『ライオンと老いたジプシー』
広い砂ばくが、ありました。そして小さなオアシスが有りました。
白い、しまもようが果てしなく続いて、緑の小さな林が、こんもりとしげっていました。
大きな砂山の下に、一頭のライオンが倒れていました。のどがかわいていました。
ライオンは思わず、「かみさま私はのどがかわいています。助けてください。」
とぽろぽろ涙をこぼしました。すると、オアシスの方からすてきな音楽が聞こえて来ました。
ライオンは「しまった。」百獣の王とも有ろう事がなんて様だ。
女々しい(女性の皆様ごめんなさい)一人自分の弱音を悔いていました。聞こえてきたのは年老いたジプシーのギターと歌でした。
彼に自分の弱音を聞かれたかも知れないとうろたえるのでした。ライオンの渇きの苦しみはいやされた。
むかし、アンリ・ルソーと云う画家が居た。町の役人だった彼は、長年抱いていた。
画家の夢を晩年に成って叶えられた。野生味と人間らしさあふれる豊かな感性は人々の心を和ませた。

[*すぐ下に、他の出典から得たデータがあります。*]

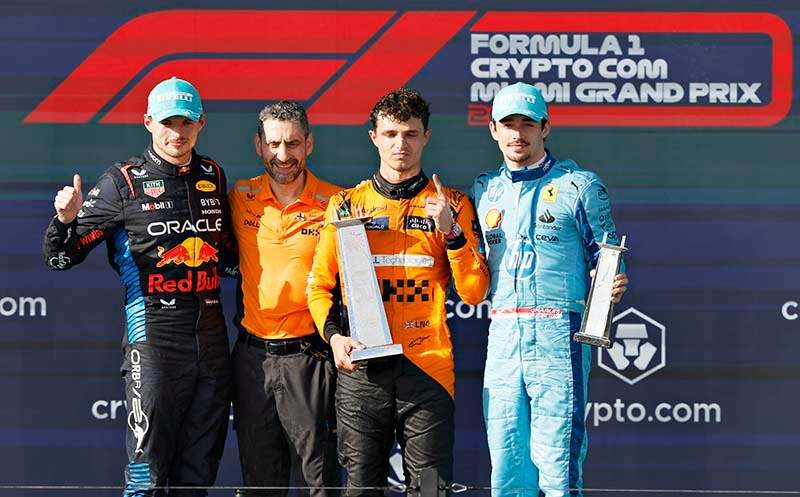 MIAMI, FLORIDA - MAY 05: Race winner Lando Norris of Great Britain and McLaren, Second placed Max Verstappen of the Netherlands and Oracle Red Bull Racing, Third placed Charles Leclerc of Monaco and Ferrari and McLaren Team Principal Andrea Stella celebrate on the podium during the F1 Grand Prix of Miami at Miami International Autodrome on May 05, 2024 in Miami, Florida (Photo by Chris Graythen/Getty Images) // Getty Images / Red Bull Content Pool // SI202405060020 // Usage for editorial use only //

で、ライオンはどうしたかって。そこまでは考えませんでした。
いえ、実は彼、アンリ・ルソーの作品に「砂漠に眠るライオンとジプシー」のようなタイトルの絵があって、暑さまぎれに思い出した次第です。「どうだい。水でも一杯やるかね。」
年老いたジプシーはギターを置くと、やおら、渇きに喘ぐライオンに与えたとか。
ライオンは空高く啼いたとか。群青色の空には青白い三日月が煌々と冴え渡り夜は更けていった。